Transferring to the Australian Imperial Force on 6 August 1915, Whittle was given the rank of acting corporal and in October sailed as a reinforcement for the 26th Battalion. By April 1916 he was in France with the 12th Battalion. Wounded in action on 18 June, he was promoted sergeant in October. Early in 1917 he was involved in the fighting during the German withdrawal to the Hindenburg line. At dawn on 27 February his battalion attacked the outpost villages of Le Barque and Ligny-Thilloy. On the left flank with Captain J. E. Newland's 'A' Company, Whittle bombed an enemy machine-gun post, forced the Germans to flee and won the Distinguished Conduct Medal.

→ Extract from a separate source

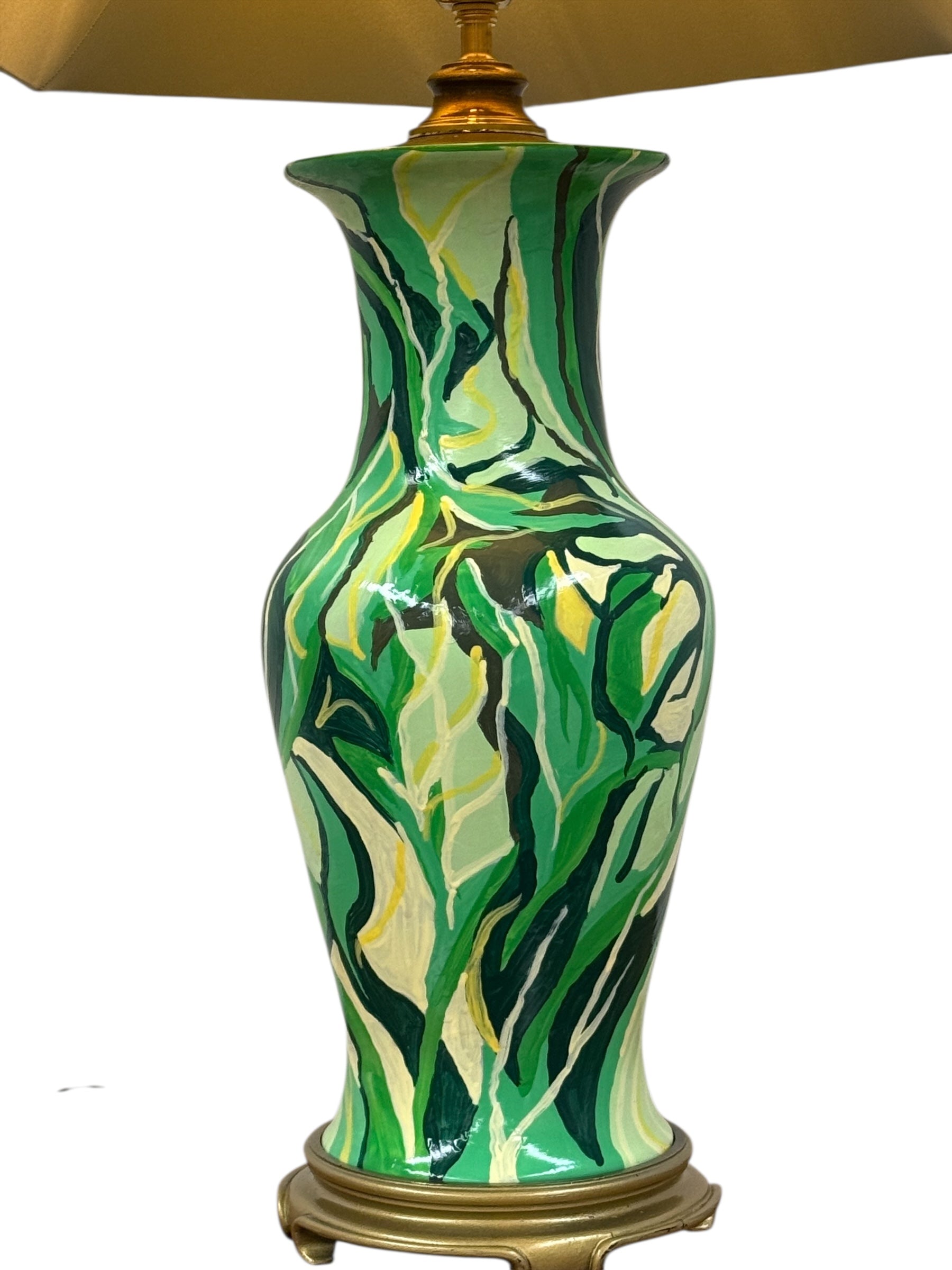 Green Swirl Painted Urn Lamp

The 12th Battalion carried out a diversionary attack on the village of Boursies on 9 April 1917; Whittle led his platoon in the initial assault. The Germans resisted fiercely and counter-attacked at 10 p.m. Whittle checked and steadied the forward posts until Newland came forward to organize the defence and regain lost ground. After a four-day spell out of the line, the battalion advanced close to Lagnicourt. At 4 a.m. on 15 April the enemy mounted a surprise counter-attack. 'A' Company was forced from its trenches to a sunken road where Newland and his men made a stand. Whittle saw the Germans bringing up a machine-gun. He 'rushed alone across the fire-swept ground', attacked the enemy with bombs before the weapon could be brought into action, killed the crew and captured the gun. For his heroism at Boursies and Lagnicourt he was awarded the Victoria Cross.
Wounded again during the German offensive of March 1918, and once more in late July, Whittle returned to Australia with other V.C. winners in October 1918 to take part in a planned recruiting drive. Following the Armistice, he was discharged on 15 December and lived in Sydney. He made a desperate plea in 1932: 'I have been trying to struggle on for some time, but the children are badly in need of boots and clothing for the winter, and I cannot get any work'. Within a month he was employed by the Western Assurance Co. On 7 February 1934 he saved a small boy from drowning in an ornamental pool in University Park; though Whittle departed without giving his name, the deed became widely known.
Survived by his wife, three daughters and a son, he died of a cerebral haemorrhage on 2 March 1946 at Glebe and was buried in Rookwood cemetery. Whittle and Newland were the only Australian V.C. winners of World War I to have been permanent servicemen before the war. One of Whittle's sons, Ivan Ernest, had joined the A.I.F. and was killed in September 1943 when a bomber crashed into the 2/33rd Battalion marshalling area near Port Moresby, Papua New Guinea.
Stephen Allen, 'Whittle, John Woods (1882–1946)', Australian Dictionary of Biography, National Centre of Biography, Australian National University, https://adb.anu.edu.au/biography/whittle-john-woods-9088/text16023, published first in hardcopy 1990, accessed online 6 November 2024.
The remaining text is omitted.